Labor Law Pointers is published the first Wednesday of each month.  If you know of others who may wish to subscribe to this free publication, please feel free to forward it.  If you wish to subscribe or unsubscribe, please send an e-mail to [email protected] or call the Editor/Labor Law Team Leader David R. Adams directly at (716) 849-8900.

Labor Law Section 240(1)
                                                                                    by:    David R. Adams
                                                                                             (716) 849-8916
                                                                                             [email protected]

02/1/13                        Miles v Great Lakes Cheese of N.Y., Inc.
Appellate Division, Fourth Department
http://www.nycourts.gov/reporter/3dseries/2013/2013_00633.htm

Plaintiff was struck in the head by two scaffold planks weighing between 50 and 70 pounds each.  At the time of the accident, plaintiff and a coworker were in the process of raising the planks from the lowest level on the scaffolding, which was approximately 3 ½ feet above the ground, to a higher level approximately 20 inches above the lowest level.  The coworker balanced himself between the scaffold frame and one of the outriggers, then lifted the end of the planks while plaintiff knelt on the ground and attempted to move another outrigger.  The coworker subsequently lost his balance, let go of the planks and dropped them onto plaintiff’s head.

Plaintiff moved for partial summary judgment on liability with respect to his §240(1) cause of action and defendants cross-moved to dismiss.  The Fourth Department held plaintiff established as a matter of law that he was exposed to “hazards related to the effects of gravity where protective devices are called for … because of … a difference between the elevation level where the worker is positioned and the higher level of the materials or load being hoisted or secured.”  Plaintiff further established that he was exposed to “a risk arising from a physically significant elevation differential, and that his task “necessarily placed [him] in a position where he was at risk of being struck by … falling [planks].”  Specifically, § 240(1) was violated because the safety device at issue, here the scaffold frame, was not “so construed, placed and operated as to give proper protection” to plaintiff, inasmuch as it was inadequate to protect him from the foreseeable risk that his coworker might drop the planks onto him. 

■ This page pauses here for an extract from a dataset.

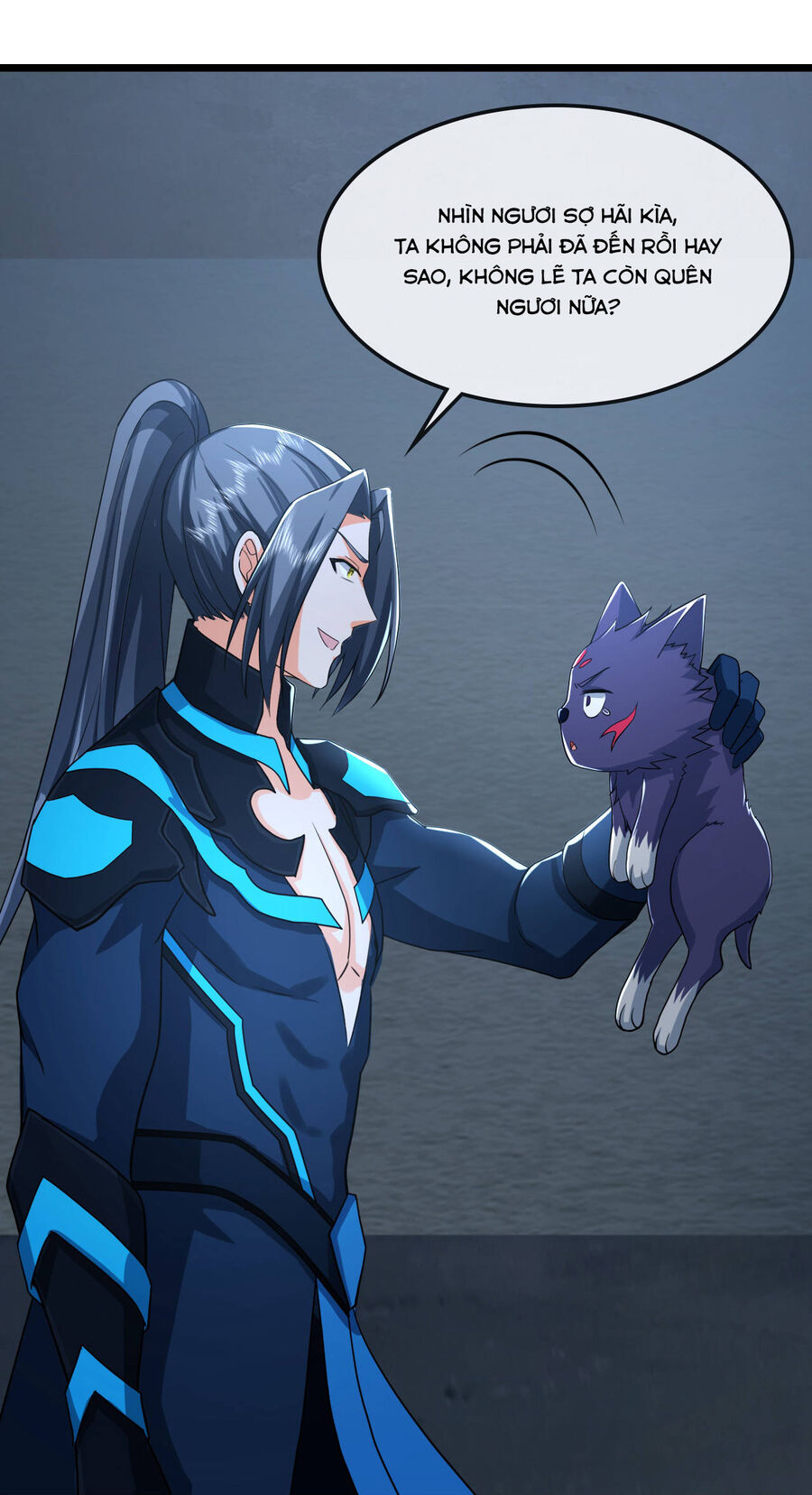Thần Võ Thiên Tôn Chap 769 - Next Chap 770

As a result, the Fourth Department modified the lower court’s decision denying plaintiff’s motion because defendants failed to raise a triable issue of fact either with respect to whether plaintiff’s alleged misuse of the scaffold was the sole proximate cause of his injuries or with respect to whether plaintiff was a recalcitrant worker.  The Fourth Department noted that because plaintiff established that defendants violated § 240(1) necessarily precludes a finding that plaintiff’s conduct was the sole proximate cause of his injuries.  Further, although plaintiff was instructed to stay under the scaffold frame during the process of raising the planks to a higher level, he cannot be deemed to be a recalcitrant worker by virtue of his alleged failure to abide by that instruction.  Lastly, the Fourth Department found nothing in the record to suggest that plaintiff refused to use an available and adequate safety device and “an instruction by an employer or owner to avoid unsafe practices is not a safety device” in the sense that plaintiff’s failure to comply with the instruction is equivalent to refusing to use available, safe and appropriate equipment.

PRACTICE POINT:  In a falling object case such as this to obtain a defense ruling it is not enough to simply tell the plaintiff to avoid unsafe practices.  A warning to avoid an unsafe practice does not have the same effect as providing an appropriate safety device.  It is necessary for the plaintiff to have been provided with an appropriate safety device and to have told him to use it.  We have outlined this distinction previously but bears repeating, telling the plaintiff not to do something is simply insufficient as a matter of law, the appropriate safety device must be available and the plaintiff must have been instructed to use it.  Additionally in this case the common point is again made that if the statute is violated, then nothing the plaintiff does can be the “sole” proximate cause of the accident.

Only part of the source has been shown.